EXERCISE DETAILS: Write the records out again exactly, leaving no images in.

────────────────────────────────────────

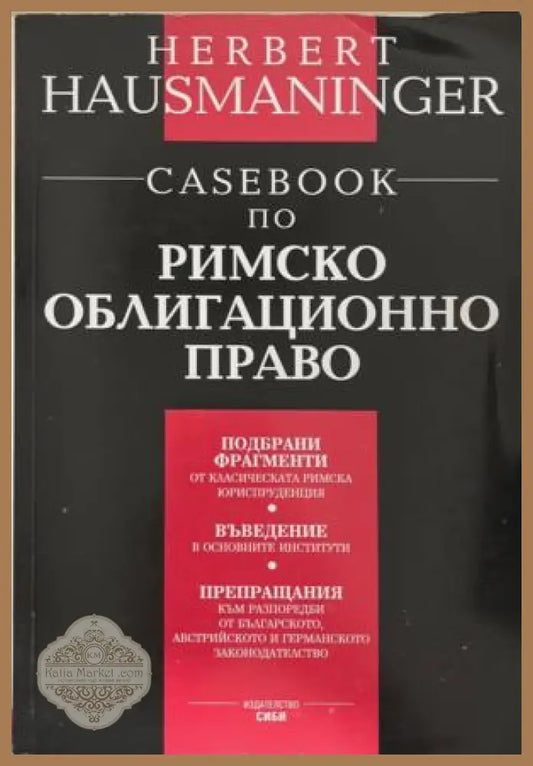 Корица на Casebook по римско облигационно право от Херберт Хаусманингер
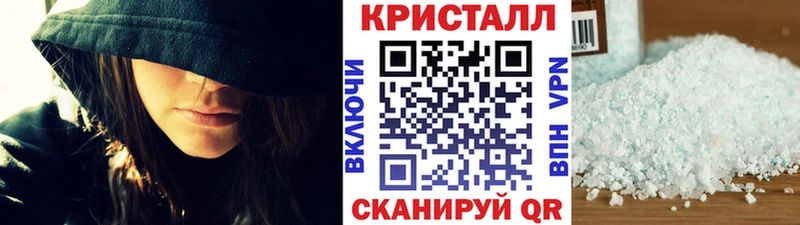 Метамфетамин кристалл  Бологое 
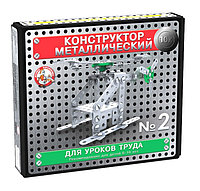 Конструктор металлический "10К" для уроков труда №2, арт. 02078
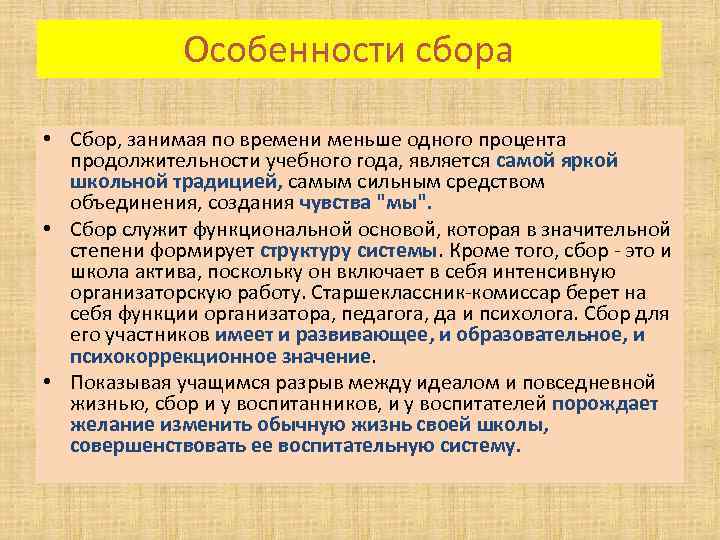 Право сбора. Особенности сбора. Характеристика сбора. Особенности сборов. Особенно сбора подати.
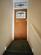 Hallway:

────────────────────────────────────────

YOUR SOLUTION:
 Корица на Casebook по римско облигационно право от Херберт Хаусманингер
 Метамфетамин кристалл  Бологое 
 Конструктор металлический "10К" для уроков труда №2, арт. 02078
 Право сбора. Особенности сбора. Характеристика сбора. Особенности сборов. Особенно сбора подати.
 Hallway:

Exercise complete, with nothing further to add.